# Simmerstat, Are They Good To Use Or Not?



## ShredMaster (16/10/11)

I've managed to acquire one of these which is rigged up in a little control box with the leads.







I opened it up to see what it actually was and the knob is controlling a simmerstat. I just bought a 2200W element and am in the process of rigging it up to give me a boiler and was wondering whether to use this.

From the searches I did, there are really mixed opinions on whether they are good to use or not, as in, whether they are "bad" to use. It seems like a pretty neat idea having a knob to control my element, apparently simmerstats is how the common kitchen stove is controlled. 

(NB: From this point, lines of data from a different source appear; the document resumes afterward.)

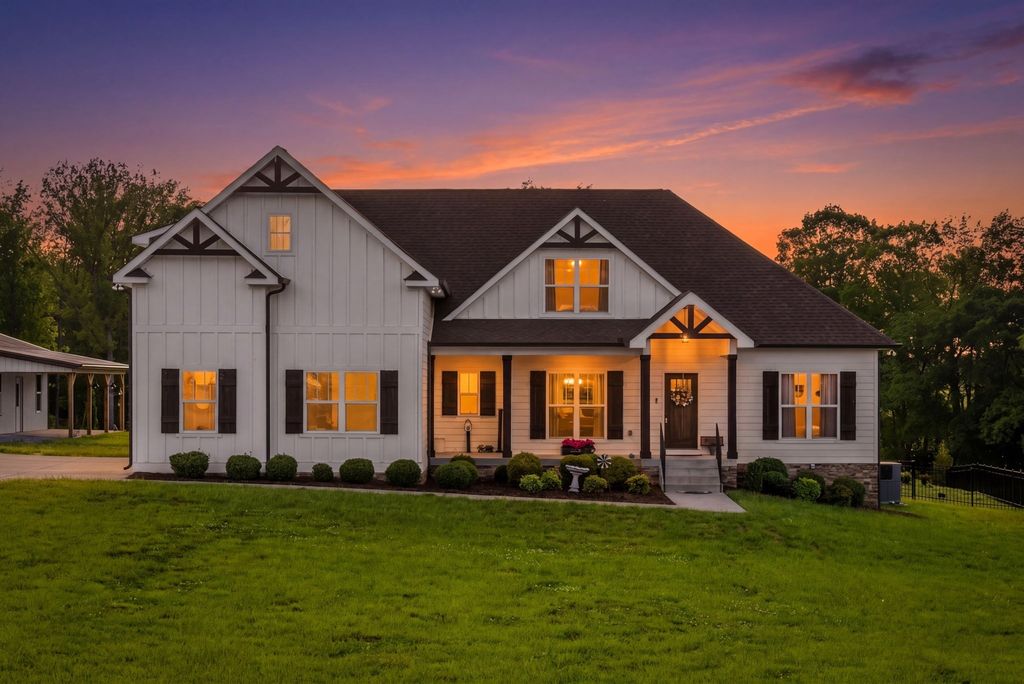 3378 New Hall Rd, Greenbrier, TN 37073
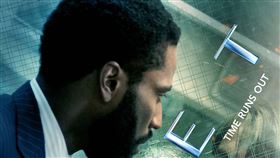 天能,克里斯多夫諾蘭,約翰大衛華盛頓,羅伯派汀森　圖／華納提供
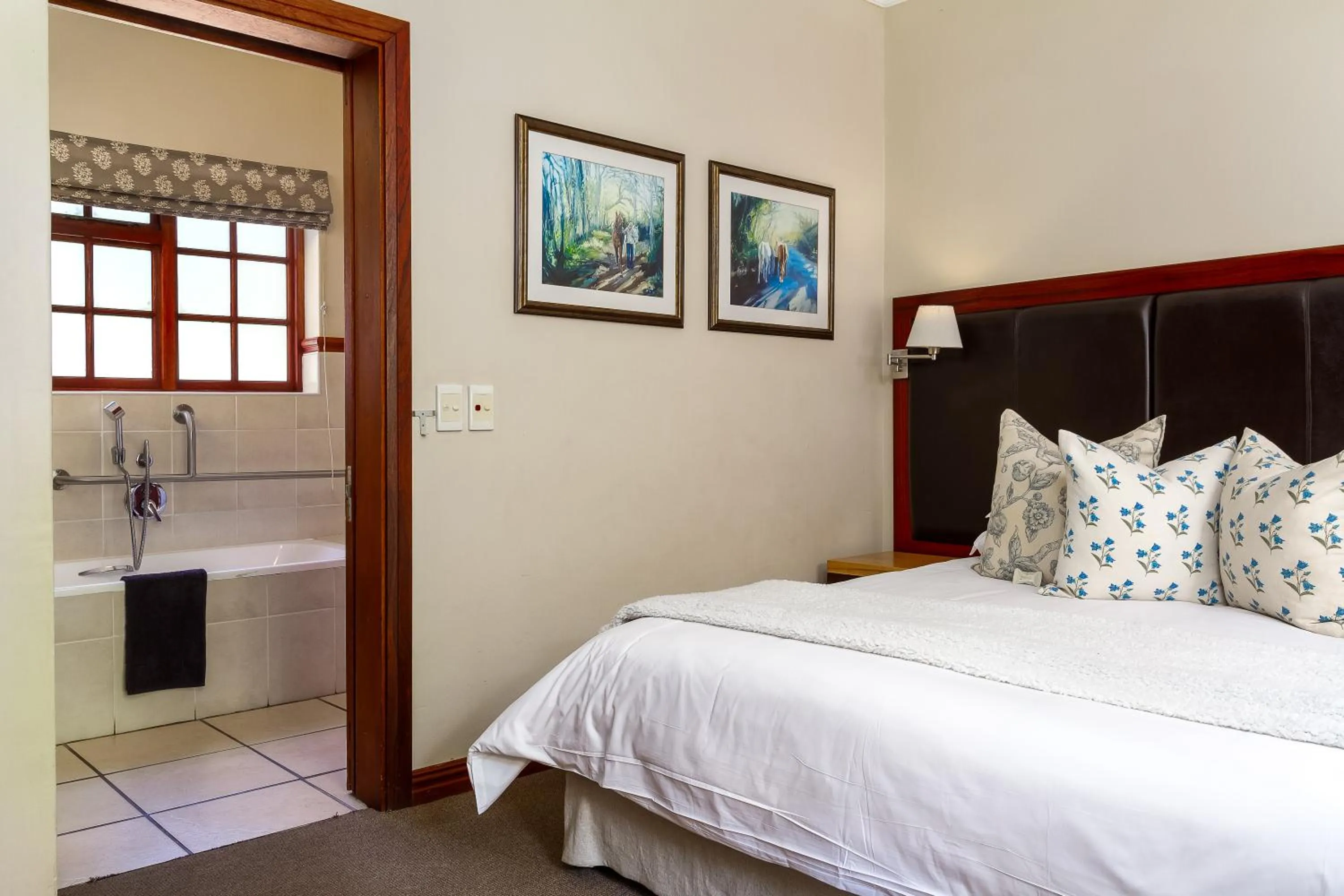 Bed in Noordhoek Village Hotel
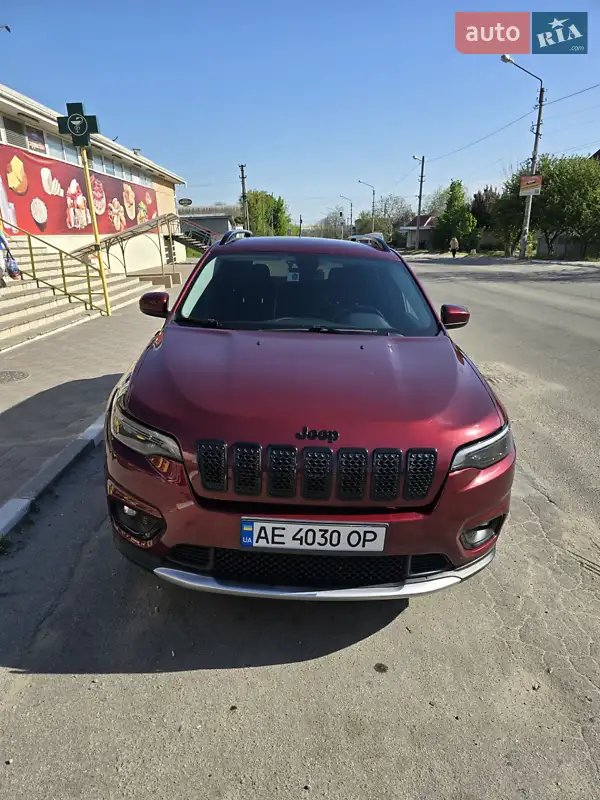 Jeep Cherokee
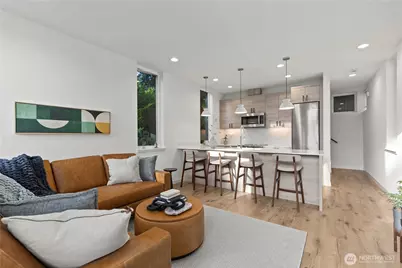 4218 Latona Avenue NE #2, Seattle, WA 98105 - Photo 4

Are there any issues using one? Is it actually as cool as it seems to use one?


----------



## QldKev (16/10/11)

ShredMaster said:


> I've managed to acquire one of these which is rigged up in a little control box with the leads.
> 
> 
> 
> ...




since you can get a stc-1000 for $16 upward I hope you did not pay too much for your guess is best thermostat


----------



## ShredMaster (16/10/11)

nah it's definately not a thermostat, it only regulates power. 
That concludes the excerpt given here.